Third: a no-nonsense view of God. Four weeks ago, in this pulpit, your minister began by quoting an attack in the AGE on talk about God. The writer had said, "If God controls the universe, he has just saved a 97-year-old and killed 30,000 others." She contrasted two ways of thinking about God's relationship with the universe: as one who is intervening, tinkering and manipulative - and as one who is influencing lovingly, subtly, persuasively. It was a good word.

One of the reasons we're ridiculed is that, rightly or wrongly, we're thought to believe in some giant-size image of ourselves, dwelling somewhere above the clouds. This elsewhere god periodically enters the historical process and human experience from out there - tinkering, manipulating in some way or another. He (always a 'he') confers favours on those he approves, and withholds them from the others. In light of what we know about how the world works, this makes no sense at all; it is primitive, indeed pre-Christian! To be sure, Jesus did not have access to what we know from modern science about the workings of the universe. Even so, he rejected any idea of a tinkering, interfering divinity who was partisan to good people and punitive to bad ones.

God is not 'out there' or 'up there', coming and going, sometimes with us and sometimes not. God is everywhere and in everything, and everything is in God. As Paul says to the intelligentsia of Athens, "In God we live and move and have our being." So how does God relate to us - specifically to empower? After all, this is what the psalmist is talking about: coming up well despite the odds. "Though I walk in the midst of trouble, you preserve me."

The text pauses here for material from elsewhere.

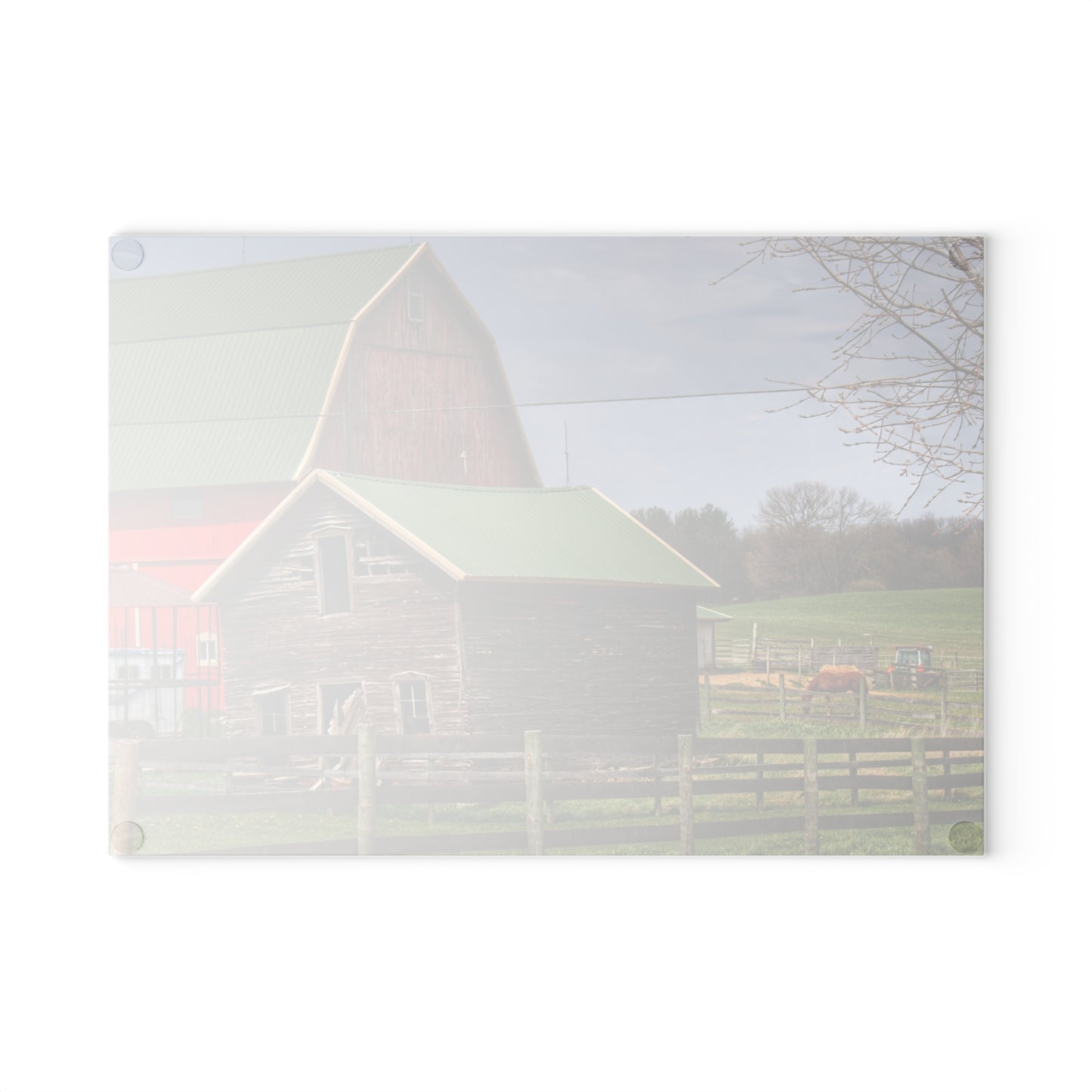 U R There Photography Oregon Road Tilted Little Grey Rustic Farmhouse Tempered-Glass Cutting Board
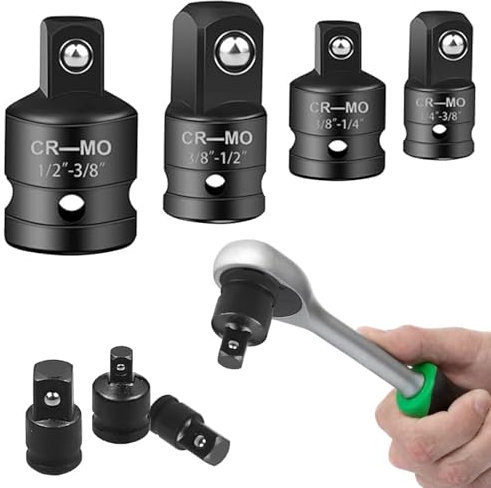 Forbabe Stecknuss Adapter, 4 Stück Stecknussadapter Set Chromoberfläche Adapter Satz, Stecknuss-Adapter für Ratschen 1/4 Auf 3/8, 3/8 Auf 1/4, 3/8 Auf 1/2, 1/2 Auf 3/8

Let me suggest a way of thinking about this that brings together modern technology and the bible's favourite image: ruach, which means 'wind', 'breath', 'spirit'. In September my wife and I drove to Adelaide for the first time in many years; flying has long been our preferred form of travel. Near Ararat we had our first glimpse of giant wind generators. I have long been fascinated with sources of power in sun, water and wind. I respect those for whom wind farms interfere with the view, but we are foolish not to connect with a great clean energy freely given, all around us and constantly available. You see, it's there whether or not we erect those giant vanes and connect them with generators. It has been there since the dawn of time.

And so it is with this uncapturable mystery we dare to name 'God', sometimes called in scripture ruach - the wind. Spirituality, to use the trendy word, is what we do to access the power of the ruach. Some of you do this by listening to music; some of you by making music. Some of you do it in meditation, or in the contemplation of an icon or a garden. Some of you do it in conventional forms of prayer; some in less conventional. Some of you do it in reading the prayers of others. In "Streams of Energy", by Francis Macnab, Steven Koski and Steven Poole, you find this one:

    Eternal God, let this be a moment in our life when we realise
    we are surrounded by resources that will help us;
    that there are resources given to us that are within us, that will heal us.
    Let us be open to the power of those resources.
And all the people said 'Amen!'


___________________________________________________

A sermon presented by the Rev Dr John Bodycomb at St Aidan's Uniting Church North Balwyn, on 8th February, 2004.

IT MAY BE REPRODUCED WITH ACKNOWLEDGMENT.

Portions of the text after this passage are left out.